A.B : La procédure est applicable pour tous les sites classés ICPE dont la cessation d’activité n’est pas achevé. D’ailleurs, de plus en plus d’industriels exigent un Tiers Demandeur lors de la consultation pour la cession d’un site, faisant même pour certains de l’arrêté préfectoral une condition suspensive de la vente. Pour les sites pollués ne relevant plus ou pas de la règlementation ICPE ou n’ayant plus de dernier exploitant, c’est le pétitionnaire du permis de construire ou d’aménager qui réalisera sous sa responsabilité la remise en état du site pour l’usage envisagé (article L556-1). Il devra notamment fournir une attestation d’un bureau d’études certifié dans sa demande de permis  démontrant qu’il a bien pris en compte l’état de pollution du site dans la conception de son projet.

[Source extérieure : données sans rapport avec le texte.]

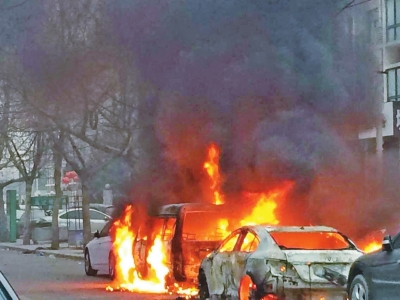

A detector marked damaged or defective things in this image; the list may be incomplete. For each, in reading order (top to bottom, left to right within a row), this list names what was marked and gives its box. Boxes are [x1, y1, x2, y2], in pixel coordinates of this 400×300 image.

burnt car frame [133, 203, 231, 288]
burnt car [133, 203, 233, 288]
charred car body [134, 203, 234, 288]
burnt car frame [197, 225, 362, 300]
charred car body [198, 225, 362, 300]
burnt car [198, 225, 364, 300]
burnt car [346, 233, 400, 298]
burnt car frame [346, 232, 400, 300]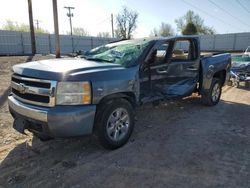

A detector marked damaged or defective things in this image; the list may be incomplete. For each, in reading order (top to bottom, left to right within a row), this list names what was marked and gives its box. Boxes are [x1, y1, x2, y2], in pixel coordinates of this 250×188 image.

damaged truck hood [11, 57, 123, 80]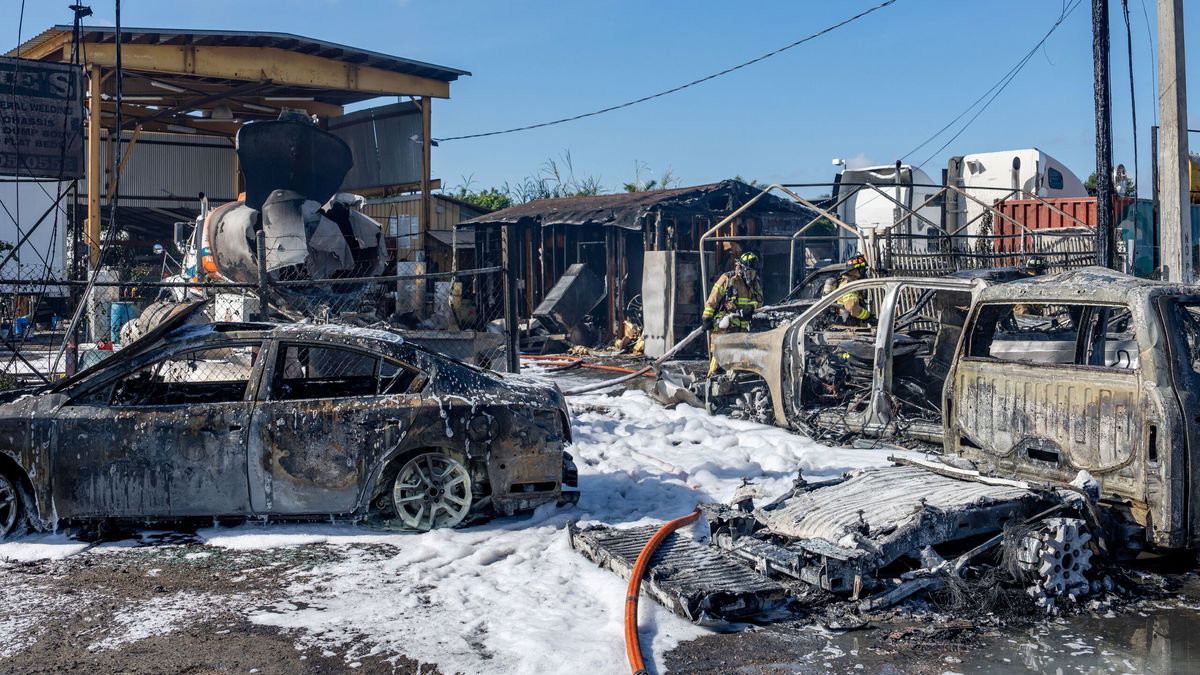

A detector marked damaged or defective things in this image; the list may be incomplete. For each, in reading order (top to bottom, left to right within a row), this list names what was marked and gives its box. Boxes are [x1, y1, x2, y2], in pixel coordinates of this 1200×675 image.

Et oui, le Tiers Demandeur est devenu incontournable chez Brownfields, qui est actuellement leader en nombre d’attributions. Nous avons déjà obtenu 27 arrêtés préfectoraux, avec environ 30 procédures actuellement en cours d’instruction dans les préfectures, sans compter les prochaines qui doivent être lancées.

On associe souvent les procédures de Tiers demandeur et de Changement d’Usage. En quoi sont-elles complémentaires ?

A.B : La procédure de Tiers Demandeur est un changement d’usage, dans le cadre d’une cessation d’activité. C’est pour cela que ces deux termes sont souvent associés. Le Tiers Demandeur, comme le changement d’usage, nécessite aussi l’accord de la collectivité, ville ou agglomération. 

A votre avis, la procédure de Tiers Demandeur est-elle améliorable ? De quelle manière ?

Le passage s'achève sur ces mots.